The global “Kepler” expects a surplus in the oil supply during the second half and 2026

Kepler International, which specializes in international shipping data, expected a surplus in the oil supply during the second half of this year and in the entire 2026, based on the decline in the “OPEC+” alliance from the voluntary cuts of supplies and the volume of refineries request, which came without expected in many major economies.

These developments extend the balance of raw and condensate stocks in the current and next two years, with repercussions that are likely to extend beyond the near -term basics and reach the process of forming the same prices, according to what the company said in a report.

The “OPEC+” coalition has decided to gradually restore production after previous voluntary discounts of 2.2 million barrels per day.

OPEC has kept the global demand growth forecast during the current and next years at 1.3 million barrels per day in the May report, unchanged from April’s forecasts.
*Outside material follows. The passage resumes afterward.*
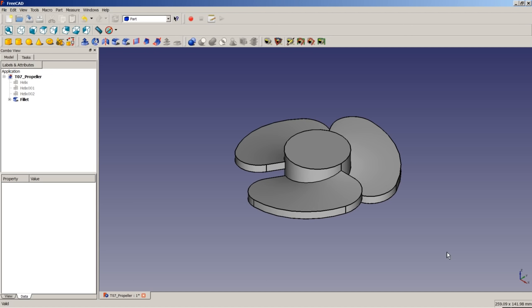Hello and welcome to another video tutorial about FreeCAD. In this video tutorial we're going to model this propeller like it is shown here on the screen. It is a propeller like it is used for ships or for airplanes.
The “Kepler” report stated that the response to the increase in supplies, which coincided with the improvement of the production of non -member states such as Canada, Brazil and China, is working to transform the balance in a significant way towards the surplus in the second half of this year, to continue throughout the next year.
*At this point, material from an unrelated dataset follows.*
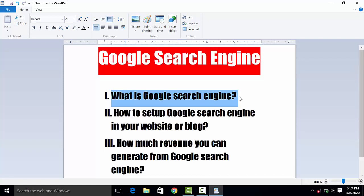When you set up the Google search engine on your website and search something in the search engine, the revenue generated is 50% to Google and 50% to you. This is what you can earn if you have a Google search engine set up on your website.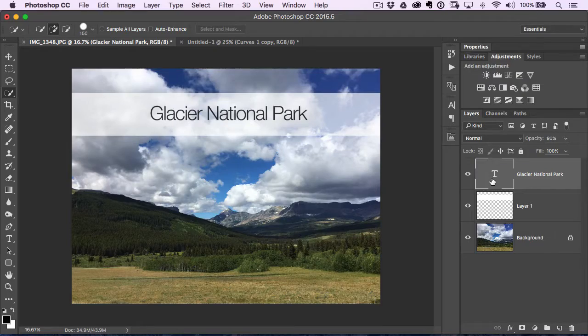As your Photoshop documents start to grow, it can get pretty cumbersome when you get a lot of layers in there to figure out which layers you want to make adjustments to.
Additional oil supplies test the market’s ability to absorb it

While Kepler’s expectations in its accounts put some geopolitical risks related to the size of the market supply, the report indicates that the additional supplies resulting from increasing production from within and outside OPEC+still test the market’s ability to absorb it.

One of the most important geopolitical risks to the supply is the supply of Iran and Venezuela, whose loss is estimated at 670 thousand barrels per day by this year, according to the report.

But despite this, “Kepler” indicated that global oil stocks enlarged in the past weeks, which causes them to see that the market balance tends towards the direction of landing, especially with the collision of the OPEC+strategy for supplies with American and Iranian flexibility.

Canadian exports, especially to Asia, increased with strong flows supported by strong production of oil sand and an increase in the “TMX” pipeline, according to the report, which also indicated the growth of Brazilian exports, although the additional “OPEC+” supplies may replace some future flows.

America’s oil production tends to slight down

The “Kepler” report indicates that the production of American crude from the neutral area turned towards a slight decline, to remain stable around the level of 13.5 million barrels per day, amid price fluctuations and reduce capital spending.

It is expected that the risk of decreased production by 120,000 barrels per day will recede by the end of the year, according to the report.

At the same time, the tankers continue to deal with caution with the movement of oil in the Red Sea, despite the ceasefire between the United States and the Houthis.

In China, there is a state of optimism about local oil production, despite the weakness of crude prices and weak demand expectations, according to Kepler in its report.

India’s imports of Russian oil are also increasing, with more tankers joining the fleet of oil shipping to Russia.

“OPEC” has reduced the expectations of oil supply growth from outside “OPEC+” to 0.8 million barrels per day during the next two years, to be less than 100 thousand barrels per day than last month’s estimates, indicating that most growth will come under the leadership of the United States and Latin America.